Directions — Output the lines of the records below exactly, beginning at their first line and ending at the line with "Kirkland's Home Gray"; include no pictures.

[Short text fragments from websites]
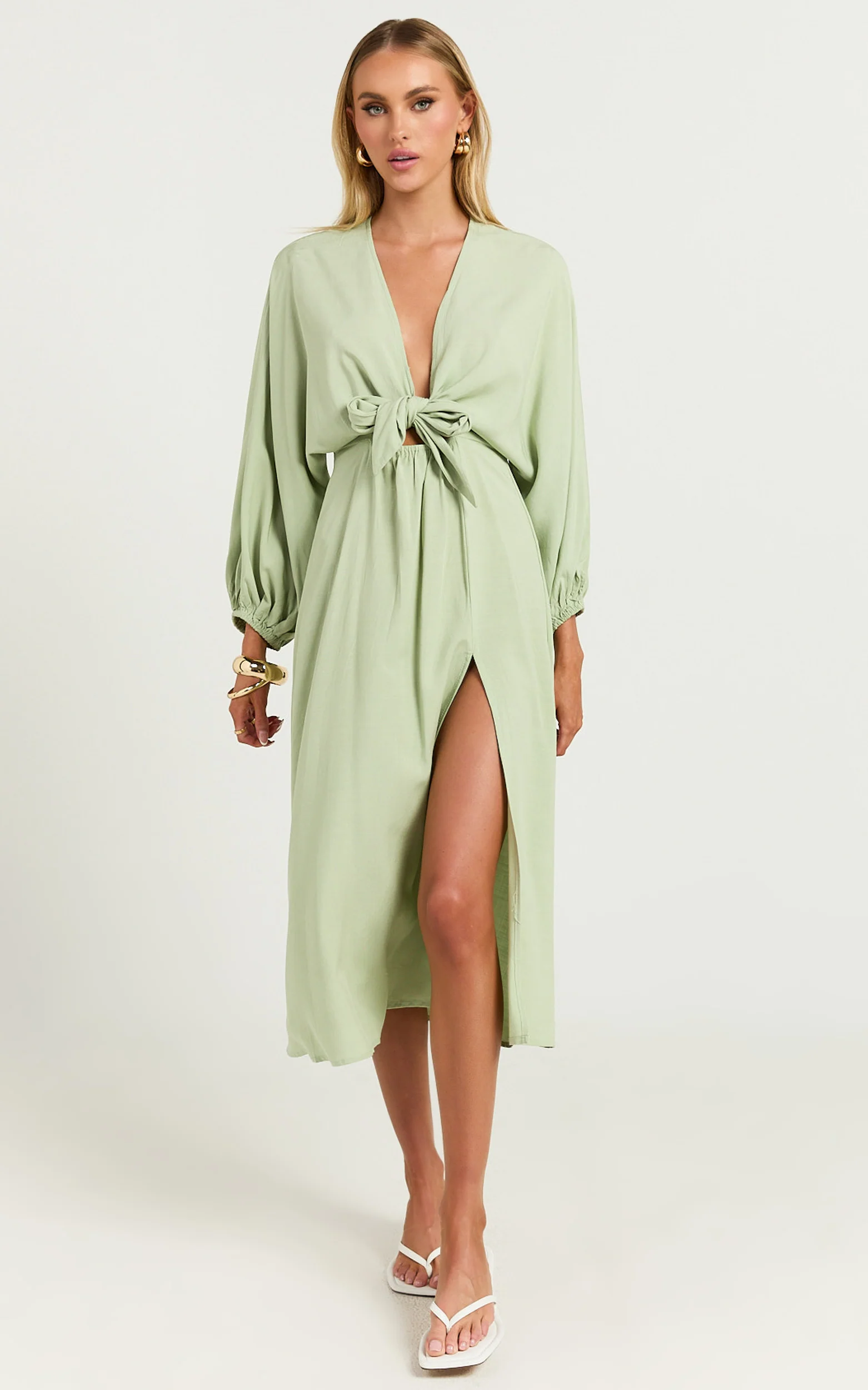 Tyricia Midi Dress - Long Sleeve Tie Front Cut Out Dress in Sage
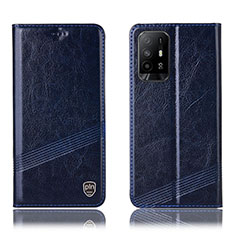 Coque Portefeuille Livre Cuir Etui Clapet H05P pour Oppo F19 Pro+ Plus 5G Bleu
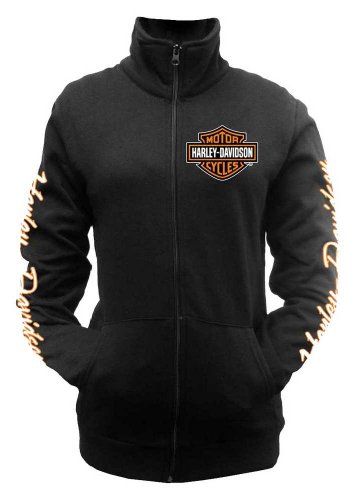 Harley-Davidson Women's Orange Bar & Shield Zipper Track Jacket 30291747 (XL)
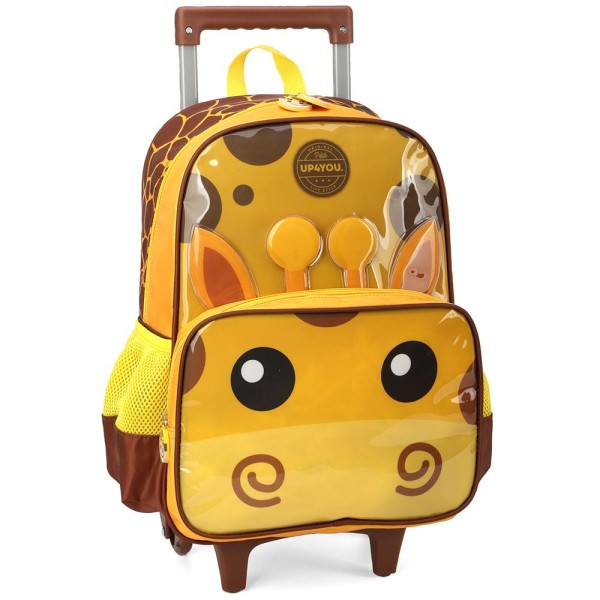 Encontraproduto.com.br - Mochila de Rodinhas Sem Alça Luxcel Up4You Girafa Amarelo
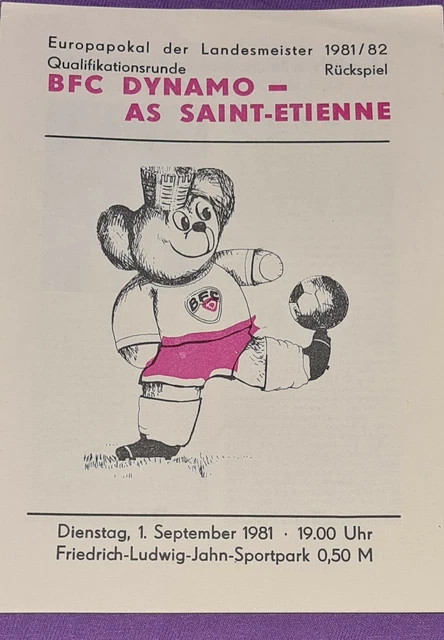 1981/82 CUP LANDESMEISTER BFC Dynamo Berlin AS Saint Etienne EUR 1,00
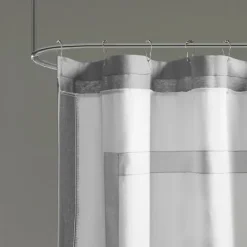 Kirkland's Home Gray Square Trim Cotton Shower Curtain- Shower Curtains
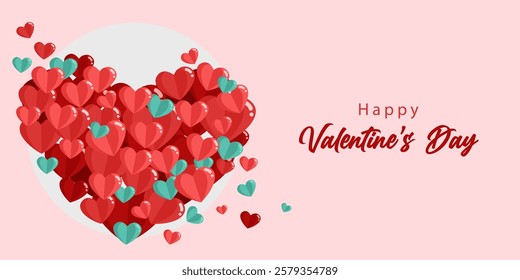 Modern  Happy Valentine's Day banner with flat design concept. Holiday background design with big heart made of pink. eps 10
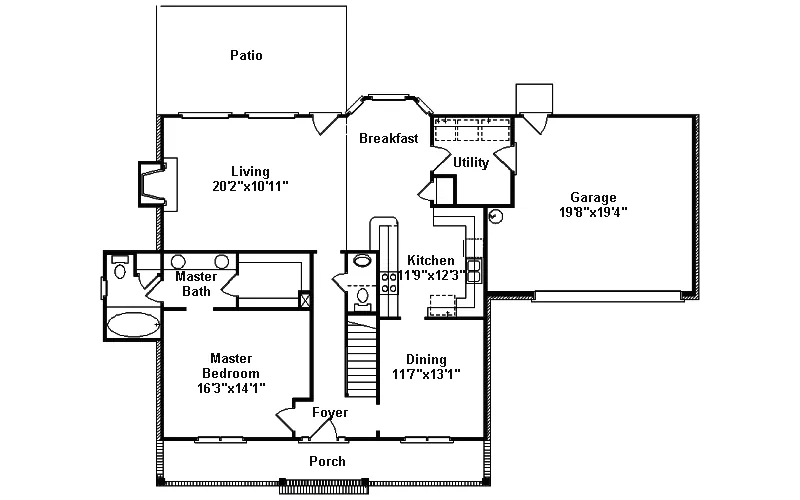 Country House Plan First Floor - Barlow Bend Cape Cod Home 024D-0344 - Search House Plans and More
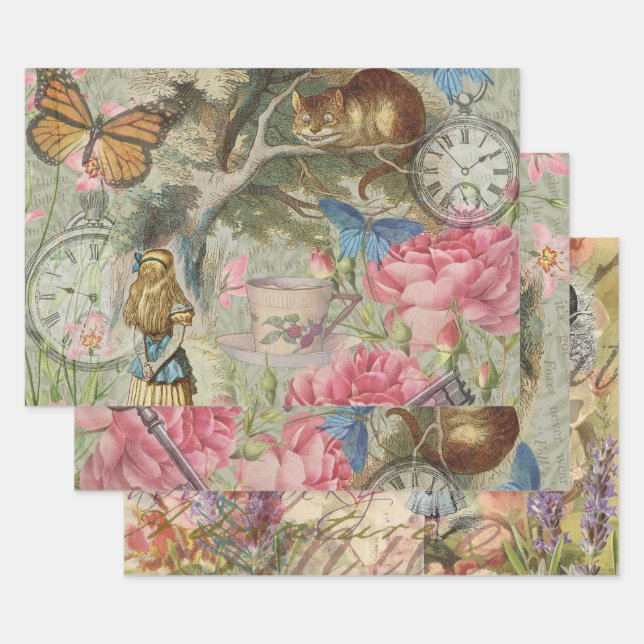 Alice Cheshire Cat Wonderland Tree Garden Wrapping Paper Sheet (Set)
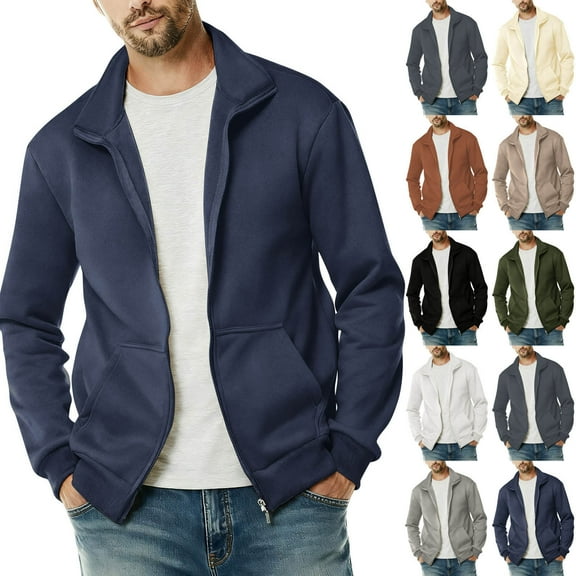 Jinhomg Mens Fleece Full Zip Up Sweatshirt Casual Mock Neck Jacket Sweatshirts No Hood Lightweight Cardigan Coats with Pockets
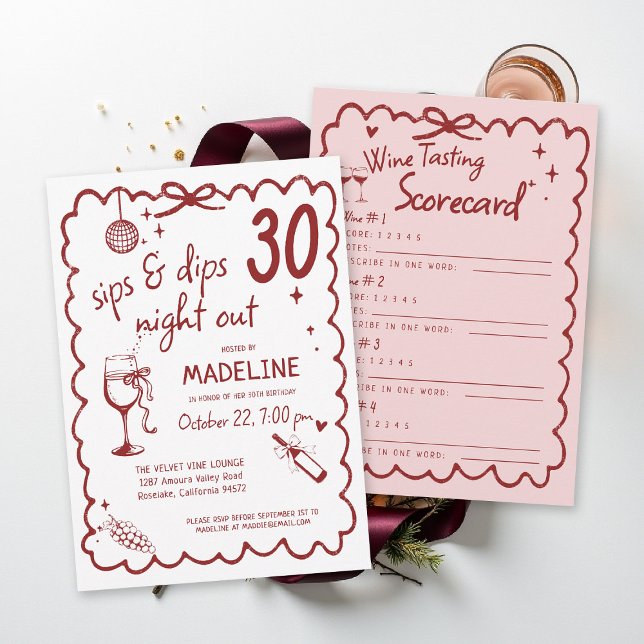 Winery Night Out Wine Tasting Chic 30th Birthday Einladung (winery birthday invitation wine tasting scorecard red burgundy pink napa sonoma country)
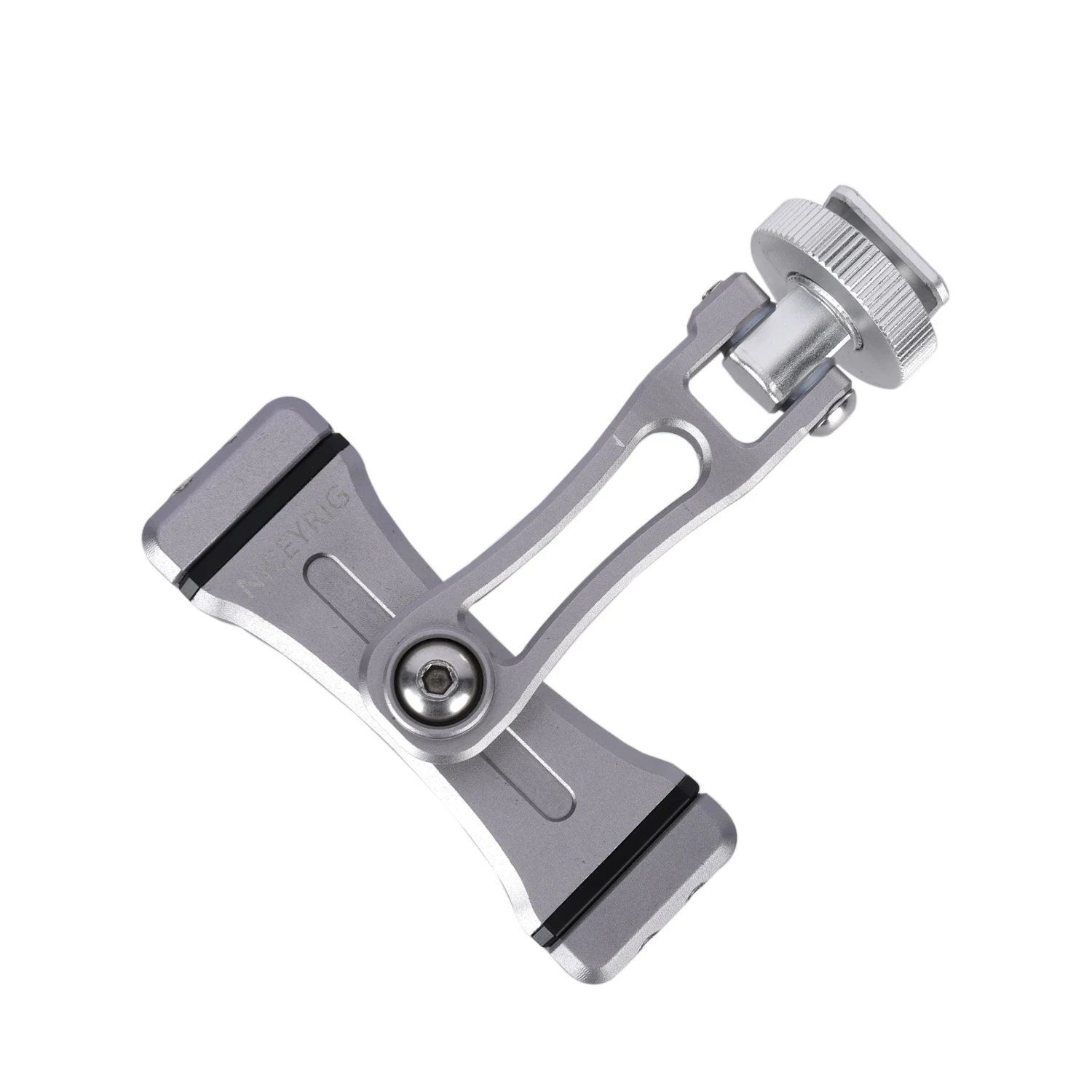 

Niceyrig Aluminum Alloy Smartphone Tripod Mount Holder Clamp with Cold Shoe Adaptor for IPhone 15 14 13 12 11 Pro Max Galaxy S22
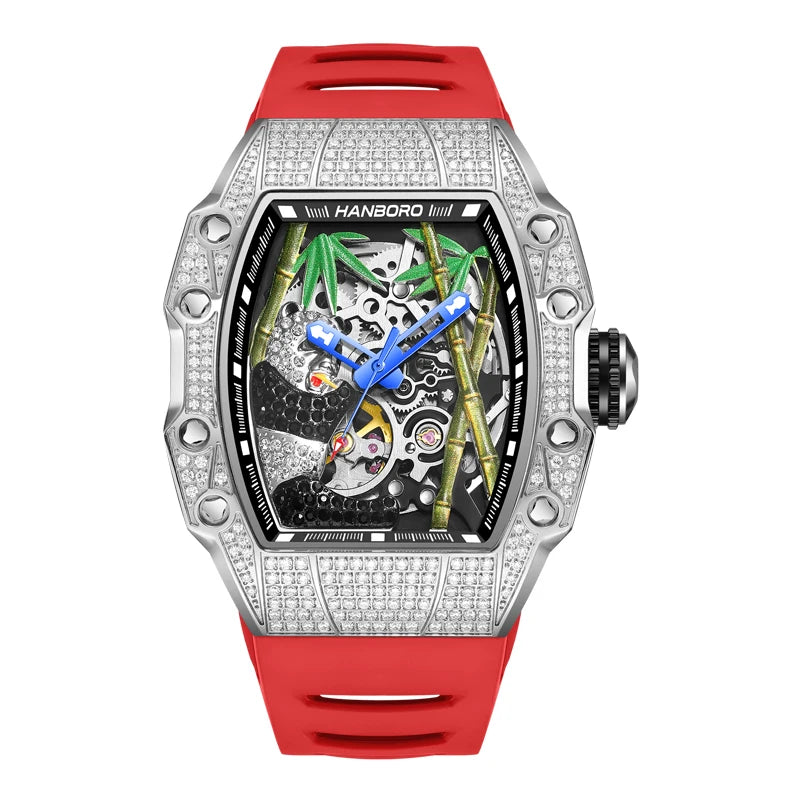 HANBORO National Treasure  Series full diamond craftsmanship fashion  skeleton balance wheel  men's automatic mechanical watch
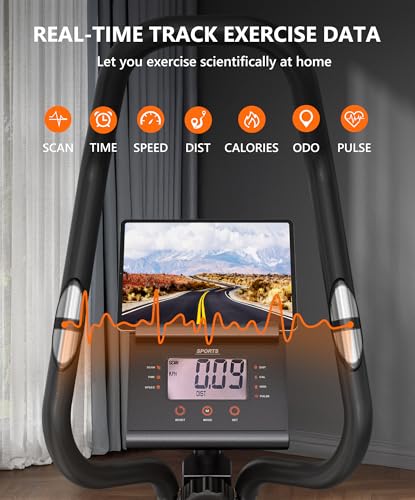 Nahaufnahme der griffigen Pedale und Handpulssensoren am THERUN Crosstrainer - Detailansicht von THERUN 3-in-1...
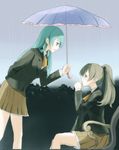  arm_behind_back bad_id bad_pixiv_id bench brown_hair from_side green_eyes green_hair hair_ornament highres holding holding_umbrella kantai_collection kisetsu kumano_(kantai_collection) leaning_forward long_hair multiple_girls open_mouth park_bench ponytail profile rain shared_umbrella sitting standing suzuya_(kantai_collection) tears umbrella wet wet_clothes 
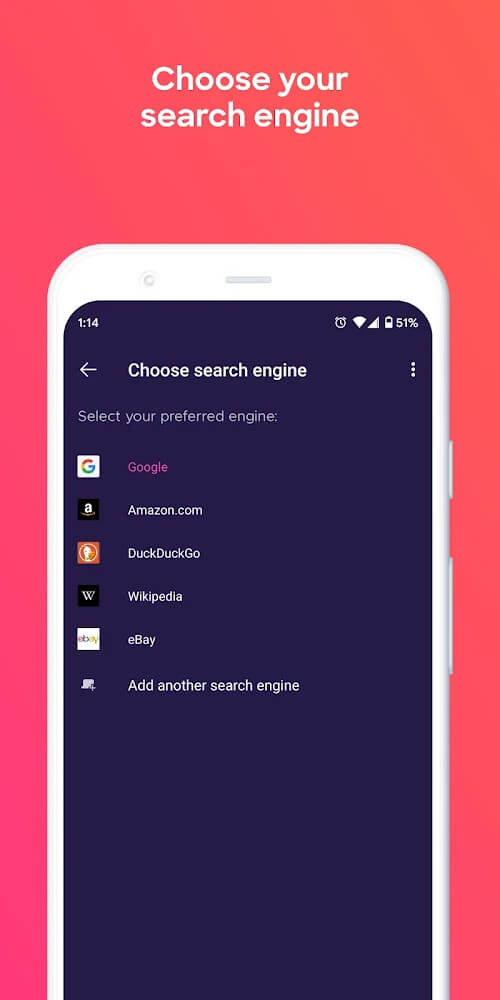 Aperçu de l'application Firefox Focus 7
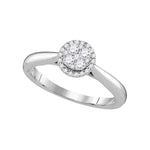 14kt White Gold Womens Round Diamond Cluster Bridal Wedding Engagement Ring 1/4 Cttw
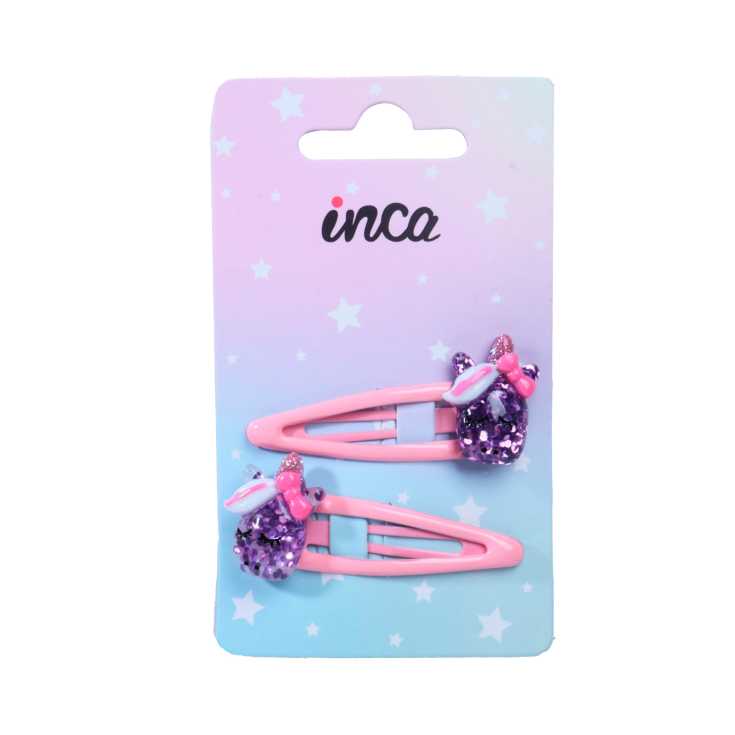 pack 2 clips para el pelo cabecita unicornio infantil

Exercise response —
 Tyricia Midi Dress - Long Sleeve Tie Front Cut Out Dress in Sage
 Coque Portefeuille Livre Cuir Etui Clapet H05P pour Oppo F19 Pro+ Plus 5G Bleu
 Harley-Davidson Women's Orange Bar & Shield Zipper Track Jacket 30291747 (XL)
 Encontraproduto.com.br - Mochila de Rodinhas Sem Alça Luxcel Up4You Girafa Amarelo
 1981/82 CUP LANDESMEISTER BFC Dynamo Berlin AS Saint Etienne EUR 1,00
 Kirkland's Home Gray Square Trim Cotton Shower Curtain- Shower Curtains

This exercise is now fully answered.